The problem: Write the data below out exactly as it stands. Do not include the pictures.

Data provided:
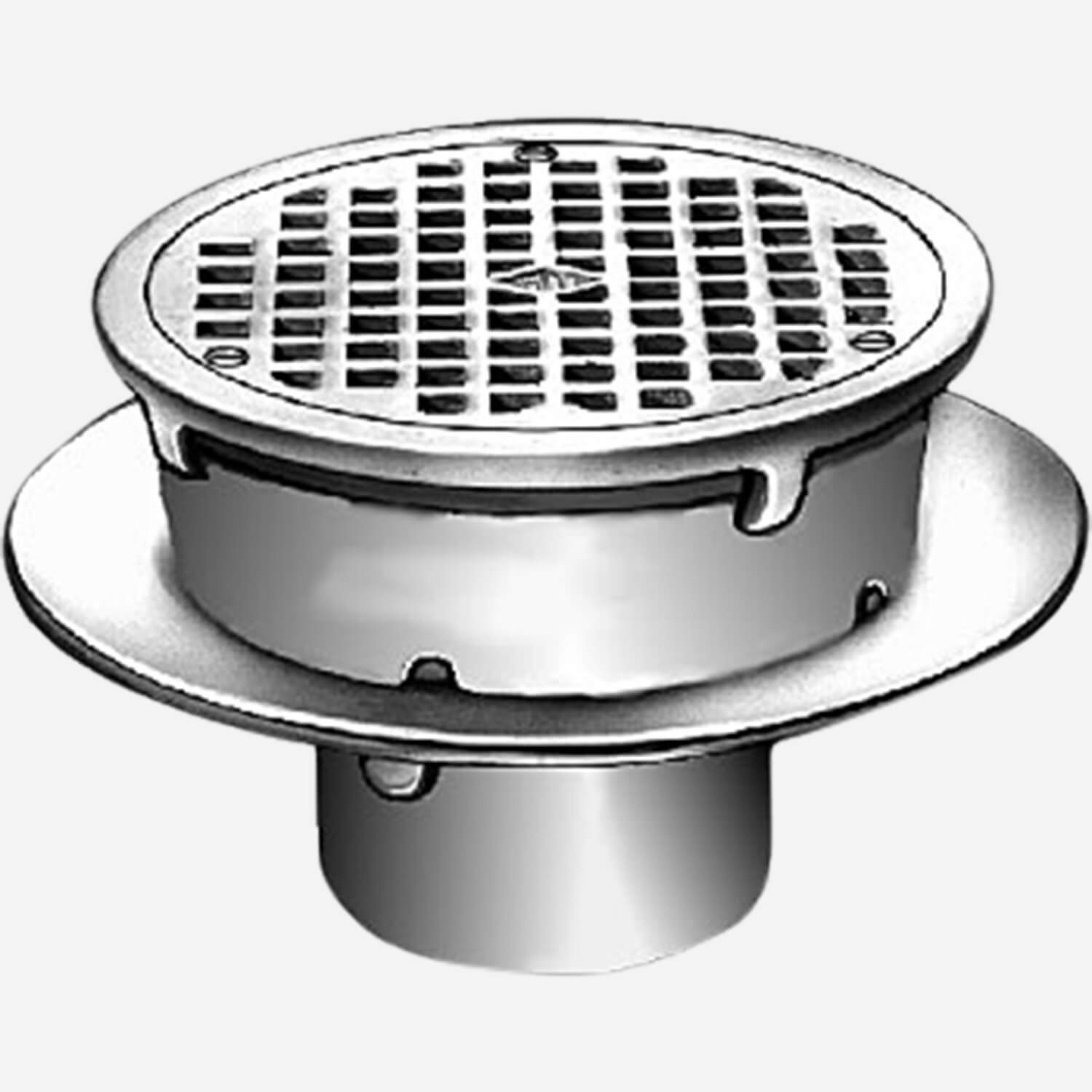 Sani-Ceptor® Sanitary Acid Resistant Coated Sanitary Floor and Indirect Waste Drains with Shallow Receptor and Round Nickel Bronze Top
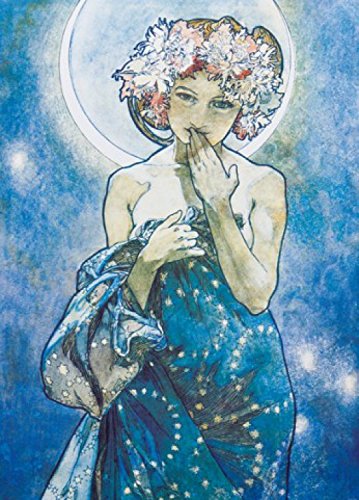 1art1 Alphonse Mucha Der Mond, 1902, 2-Teilig Selbstklebende Fototapete Poster-Tapete 250x180 cm von 1art1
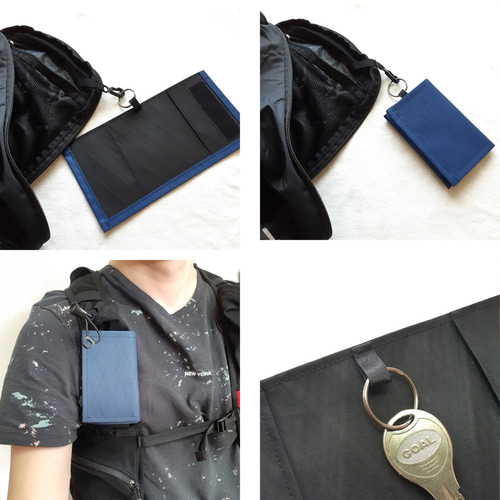 小さくて薄くて軽いお財布 Black 黒色 ブラック色 防水生地 X-PAC 三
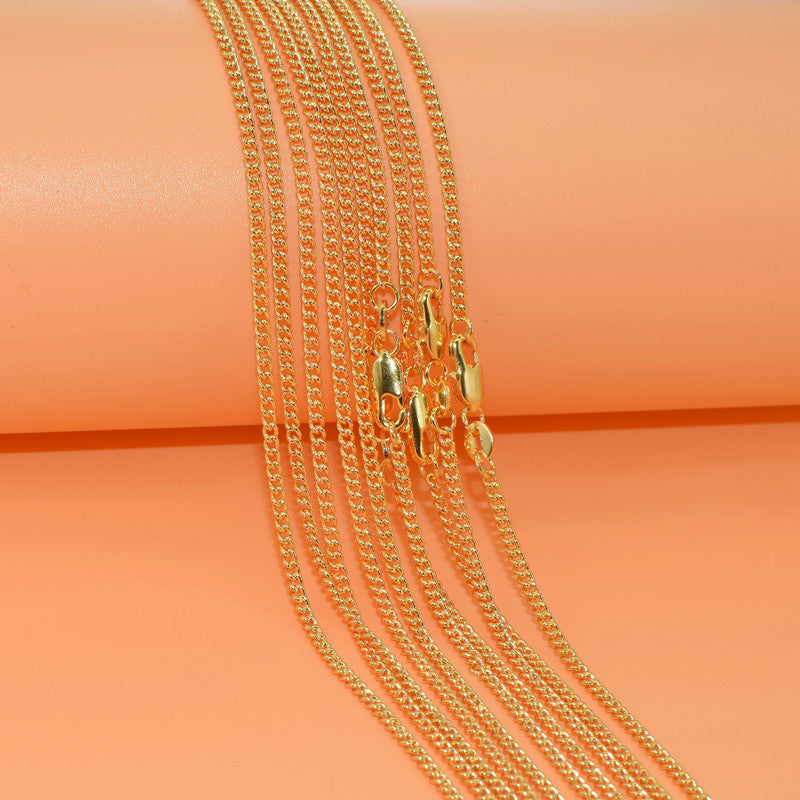 16-30 Hot Sale Popular Nice Flat Curb Chains Necklace With Lobster Clasps Fine Gold Filled Woman Girls Jewelry 10PCS Xl050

Written answer:
 Sani-Ceptor® Sanitary Acid Resistant Coated Sanitary Floor and Indirect Waste Drains with Shallow Receptor and Round Nickel Bronze Top
 1art1 Alphonse Mucha Der Mond, 1902, 2-Teilig Selbstklebende Fototapete Poster-Tapete 250x180 cm von 1art1
 小さくて薄くて軽いお財布 Black 黒色 ブラック色 防水生地 X-PAC 三
 16-30 Hot Sale Popular Nice Flat Curb Chains Necklace With Lobster Clasps Fine Gold Filled Woman Girls Jewelry 10PCS Xl050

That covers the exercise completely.